▸ **Extracted records**
..........
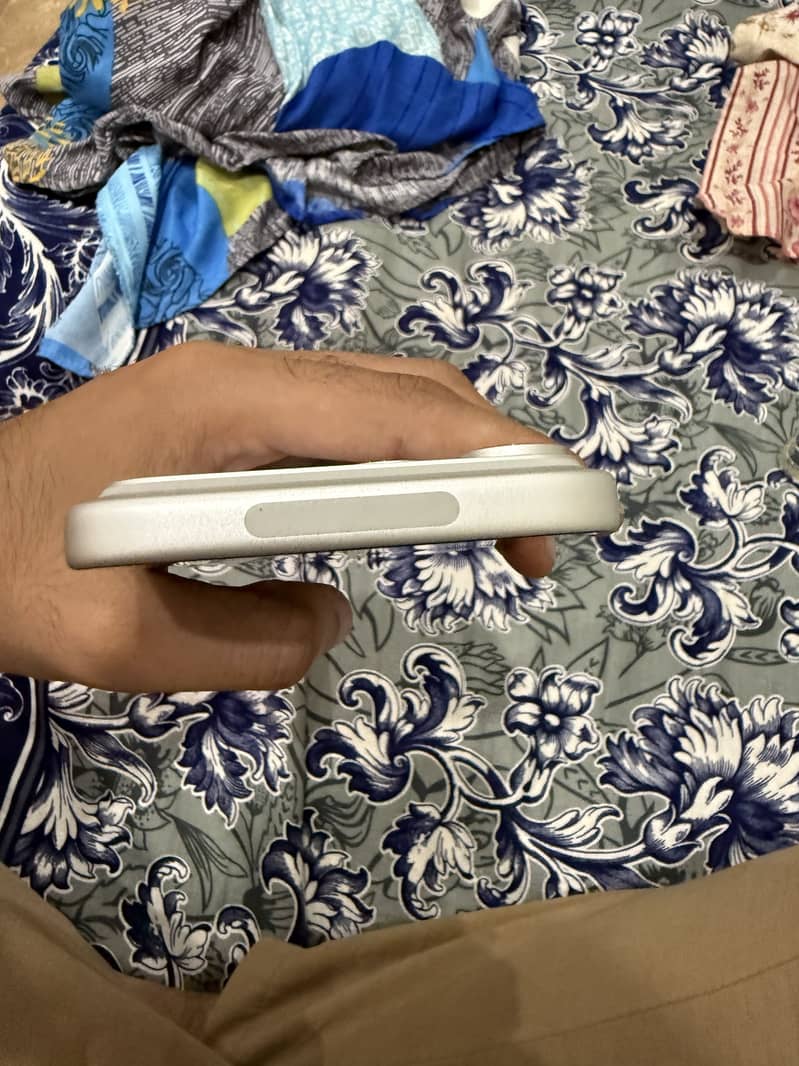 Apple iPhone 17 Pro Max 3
..........
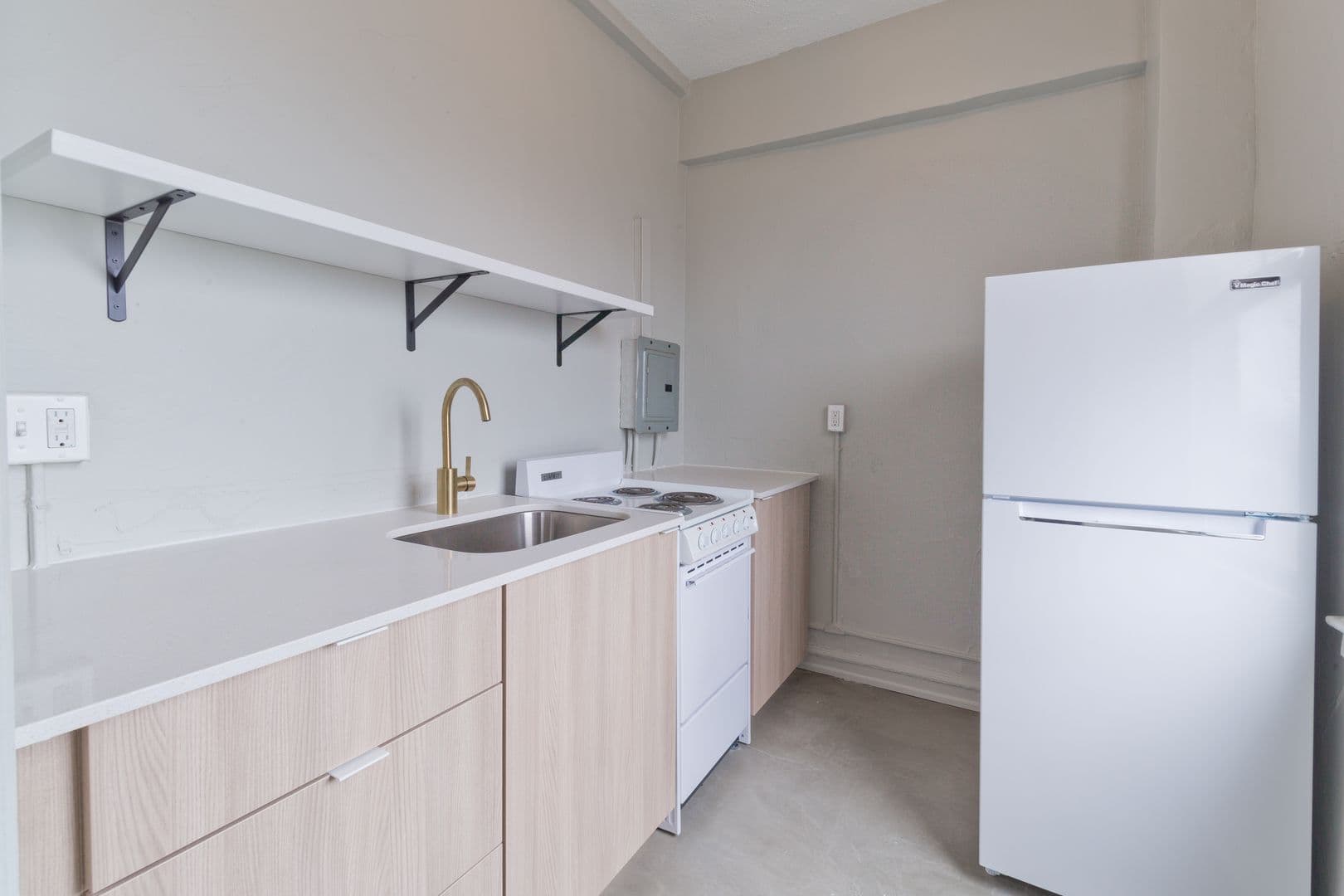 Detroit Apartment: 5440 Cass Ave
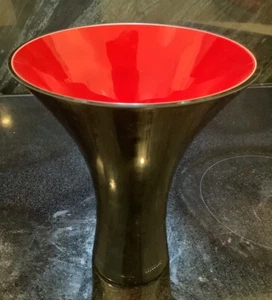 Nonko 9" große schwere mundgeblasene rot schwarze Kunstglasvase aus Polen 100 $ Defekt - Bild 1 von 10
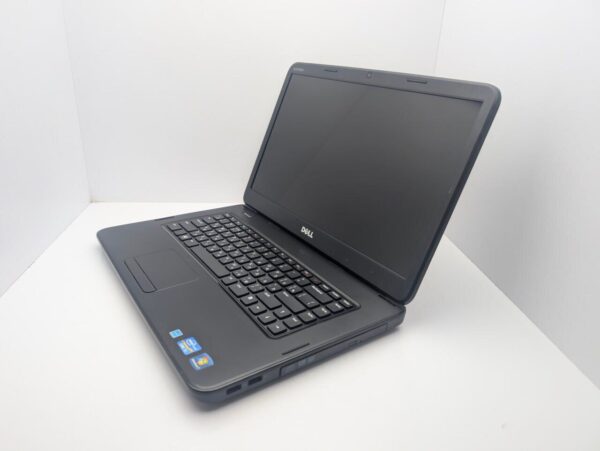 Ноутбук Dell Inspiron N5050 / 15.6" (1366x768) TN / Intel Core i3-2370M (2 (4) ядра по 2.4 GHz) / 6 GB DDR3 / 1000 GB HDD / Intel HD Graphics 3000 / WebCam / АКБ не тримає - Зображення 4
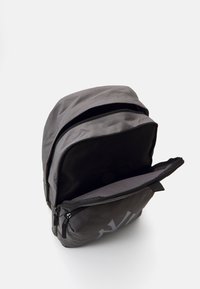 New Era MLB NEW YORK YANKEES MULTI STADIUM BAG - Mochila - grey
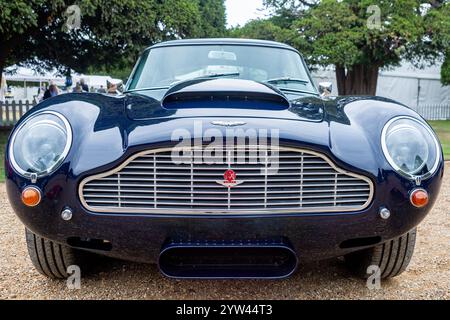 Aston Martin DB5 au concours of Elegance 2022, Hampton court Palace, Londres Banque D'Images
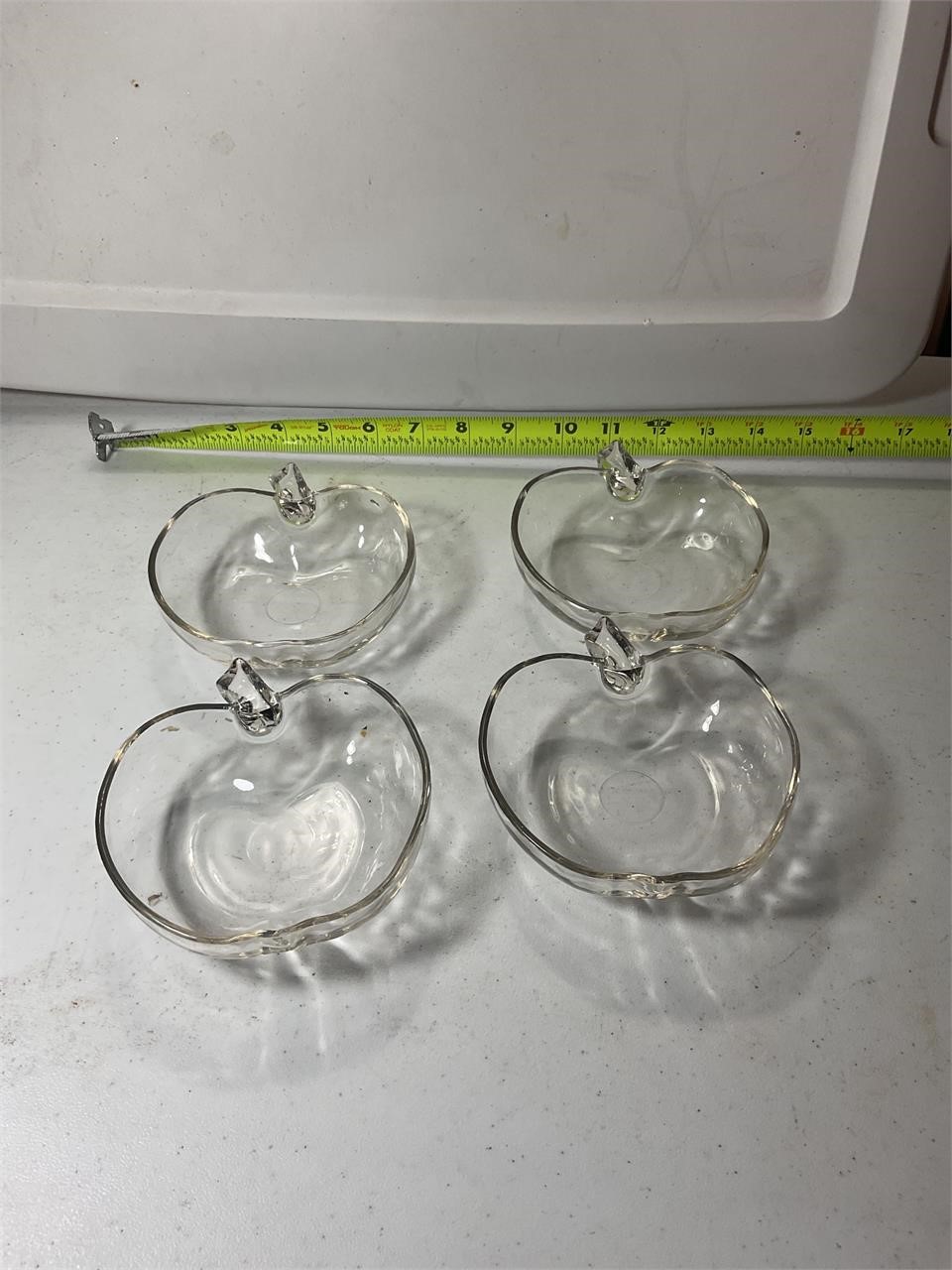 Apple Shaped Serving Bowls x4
..........
▸ **Brief**
Return exactly the lines of the material above, starting at the line containing "Bild 1 von 10" and finishing at the line containing "Apple Shaped Serving Bowls x4", without any pictures.

▸ **Output for this exercise**
 Nonko 9" große schwere mundgeblasene rot schwarze Kunstglasvase aus Polen 100 $ Defekt - Bild 1 von 10
 Ноутбук Dell Inspiron N5050 / 15.6" (1366x768) TN / Intel Core i3-2370M (2 (4) ядра по 2.4 GHz) / 6 GB DDR3 / 1000 GB HDD / Intel HD Graphics 3000 / WebCam / АКБ не тримає - Зображення 4
 New Era MLB NEW YORK YANKEES MULTI STADIUM BAG - Mochila - grey
 Aston Martin DB5 au concours of Elegance 2022, Hampton court Palace, Londres Banque D'Images
 Apple Shaped Serving Bowls x4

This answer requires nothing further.